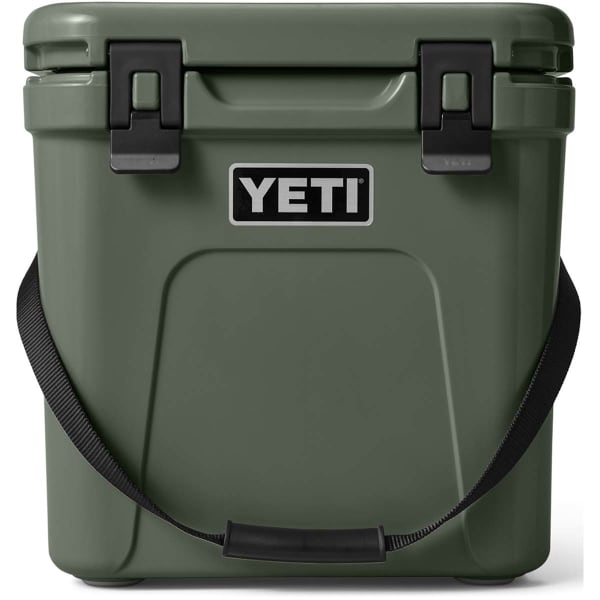 YETI- Roadie 24 Hard Cooler Camp Green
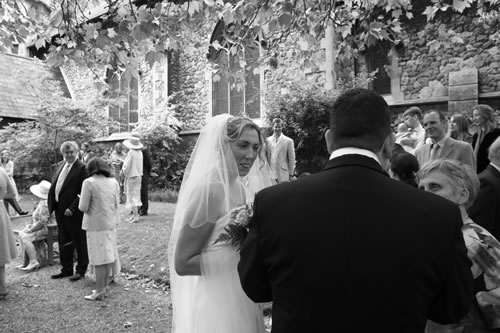 Wedding photograph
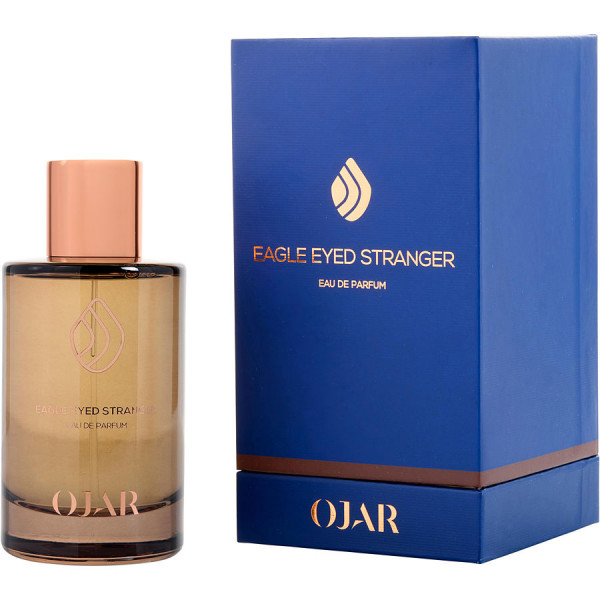 Eagle Eyed Stranger Ojar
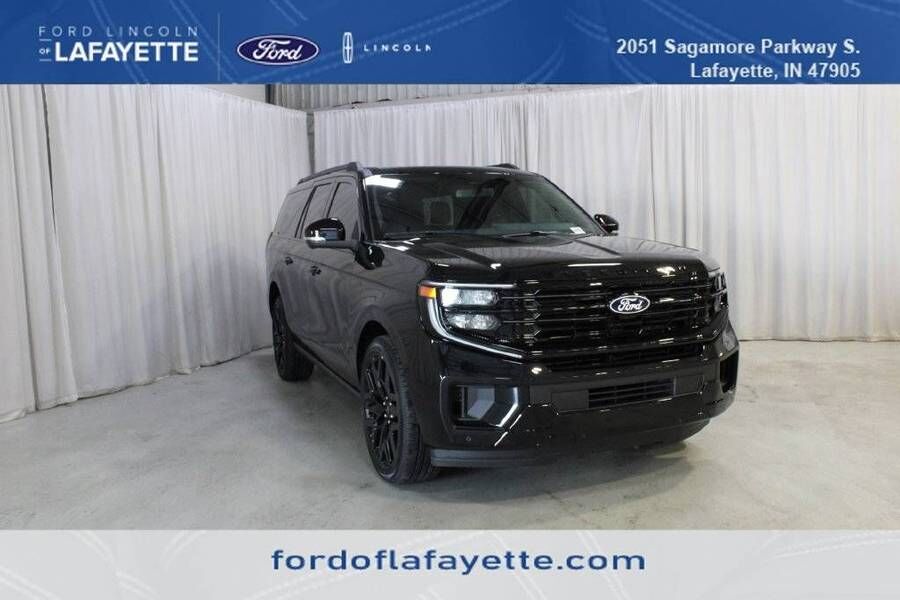 2027 FORD Expedition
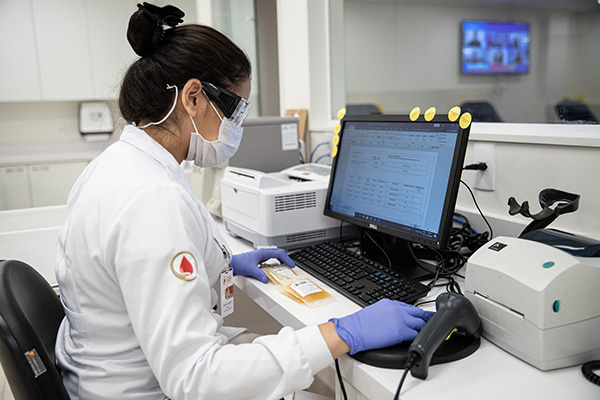 GSH Banco de Sangue Serum reforça pedido de doações dos tipos O e A positivos e negativos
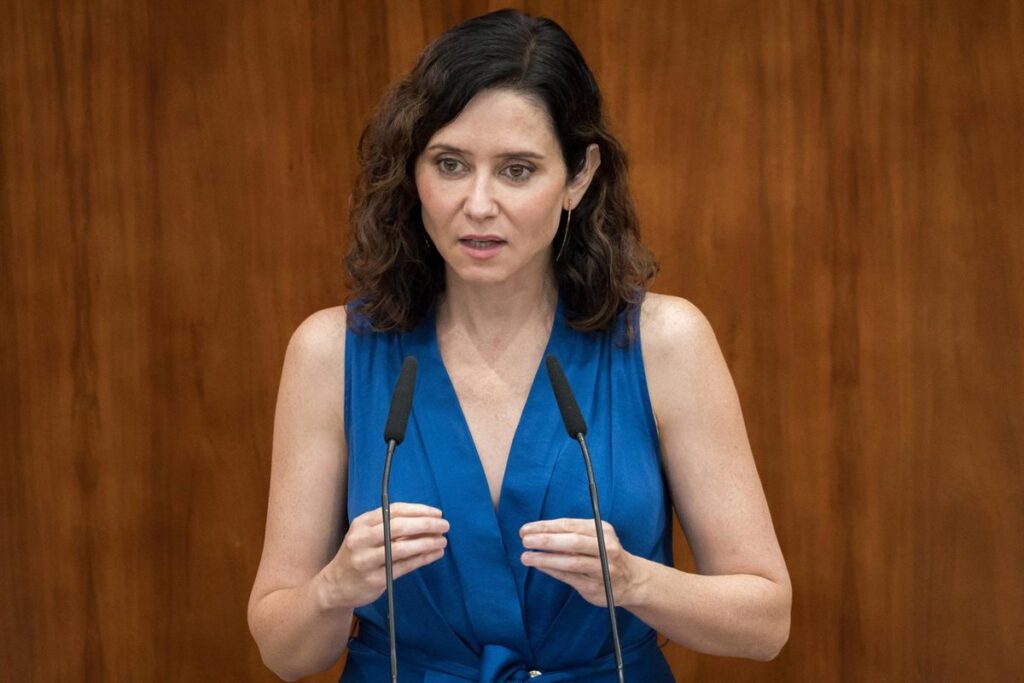 El PP de Ayuso no presentará enmiendas a la reforma de las 'primarias'
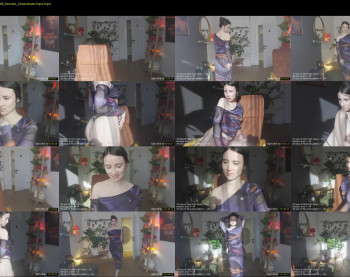 ifyouleave — 105 minute Chaturbate female cam show recording, 720p, Apr 26, 2026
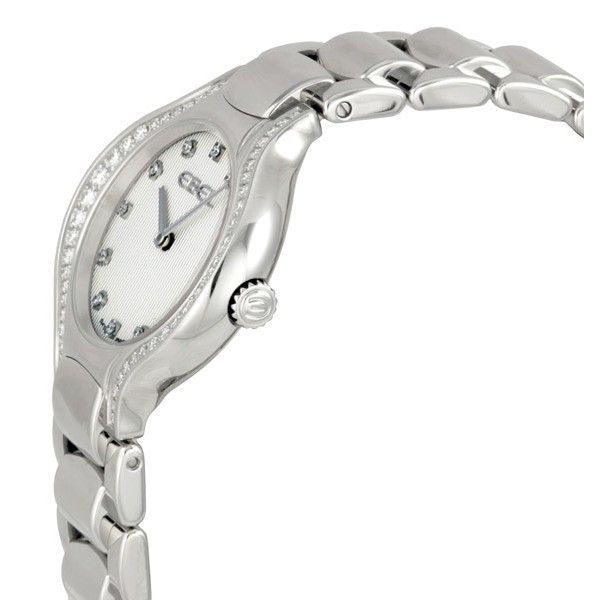 IMG_9085 Ebel 1215857 Ladies Quartz Stainless Steel Replica 2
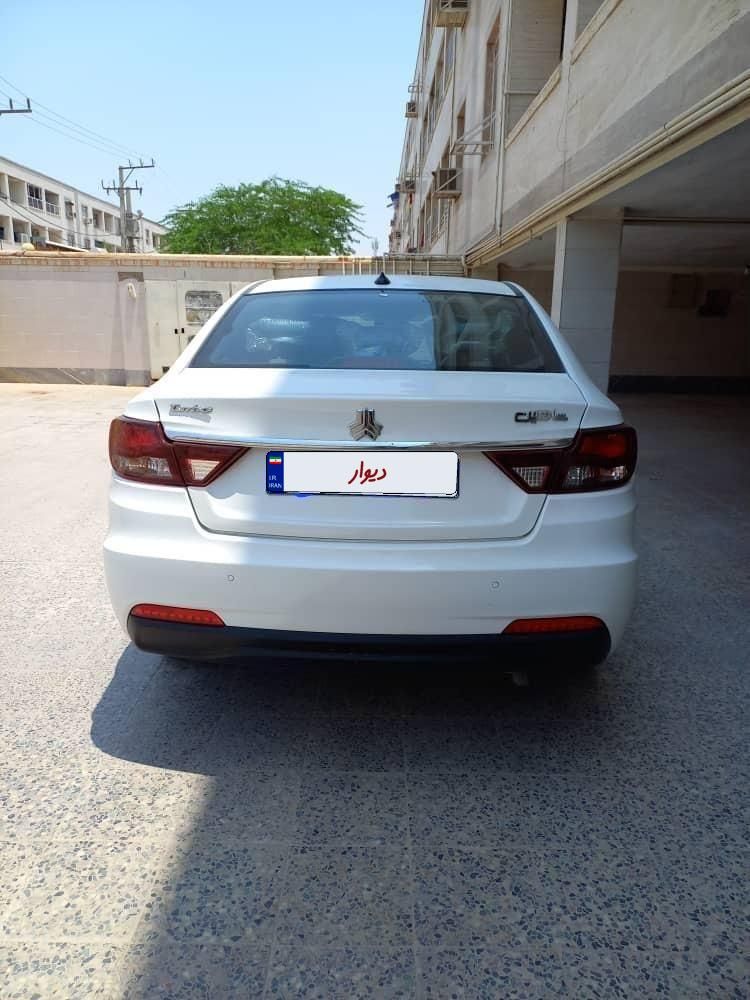 شاهین G اتوماتیک CVT - 1403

Instructions to follow: Repeat the whole listing above word for word, but keep any picture out of it.

Solved problem:
 YETI- Roadie 24 Hard Cooler Camp Green
 Wedding photograph
 Eagle Eyed Stranger Ojar
 2027 FORD Expedition
 GSH Banco de Sangue Serum reforça pedido de doações dos tipos O e A positivos e negativos
 El PP de Ayuso no presentará enmiendas a la reforma de las 'primarias'
 ifyouleave — 105 minute Chaturbate female cam show recording, 720p, Apr 26, 2026
 IMG_9085 Ebel 1215857 Ladies Quartz Stainless Steel Replica 2
 شاهین G اتوماتیک CVT - 1403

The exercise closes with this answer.